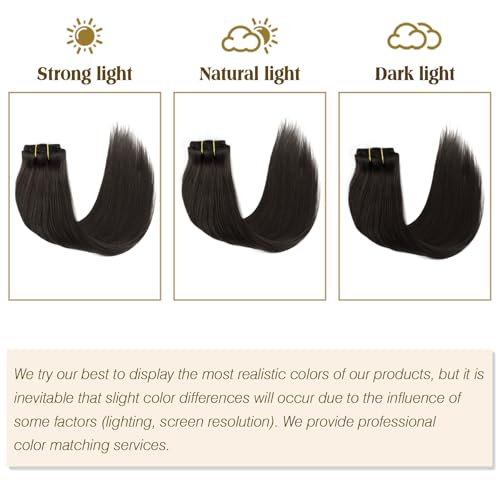 ABH AMAZINGBEAUTY HAIR Clip in Hair Extensions - Real Human Hair, Black, Invisible, Straight, Double-side Skin Wefts, Off Black #1B, 8Pcs With 18 Clips, 120G, 20 Inch
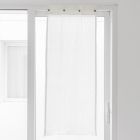 Bílá skleněná opona ve světlém plátně a knoflíky perleti - Georgette Viadurini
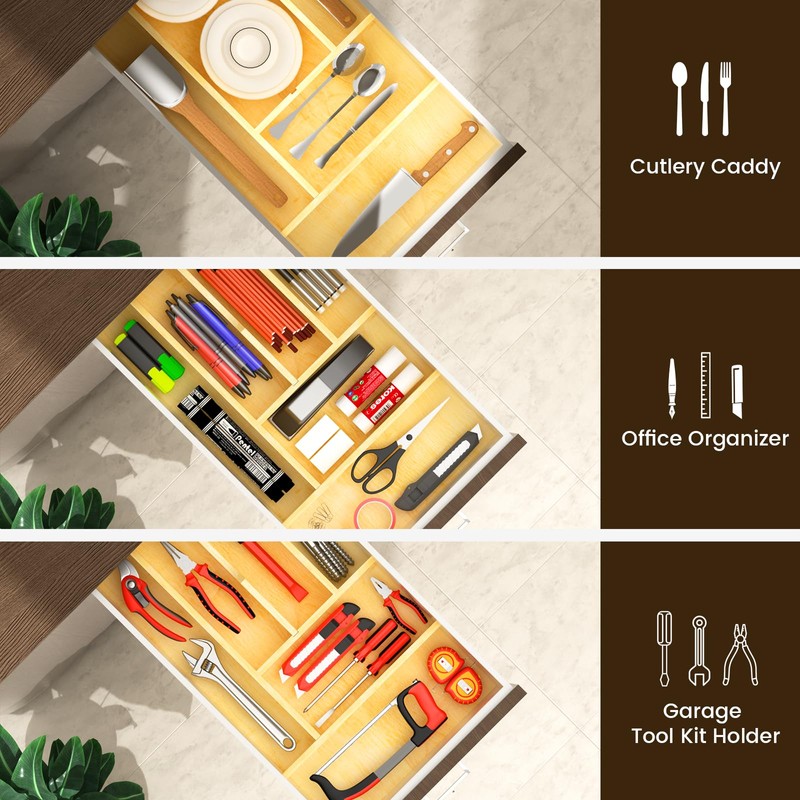 Evjocoh Silverware Drawer Organizer Wood with Adjustable Partition Utensil Cutlery
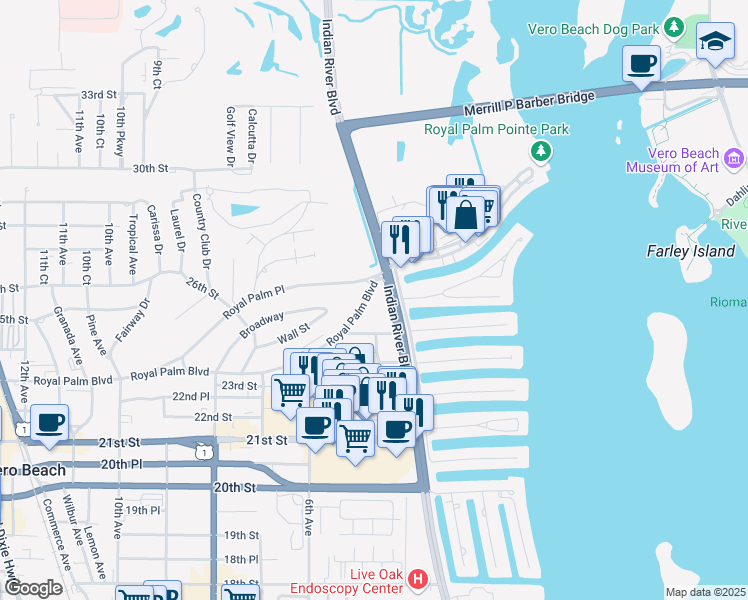 map of restaurants, bars, coffee shops, grocery stores, and more near 523 Royal Palm Boulevard in Vero Beach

### YOUR TASK
Apart from its pictures, the material above should be repeated exactly.

### RESULT
 ABH AMAZINGBEAUTY HAIR Clip in Hair Extensions - Real Human Hair, Black, Invisible, Straight, Double-side Skin Wefts, Off Black #1B, 8Pcs With 18 Clips, 120G, 20 Inch
 Bílá skleněná opona ve světlém plátně a knoflíky perleti - Georgette Viadurini
 Evjocoh Silverware Drawer Organizer Wood with Adjustable Partition Utensil Cutlery
 map of restaurants, bars, coffee shops, grocery stores, and more near 523 Royal Palm Boulevard in Vero Beach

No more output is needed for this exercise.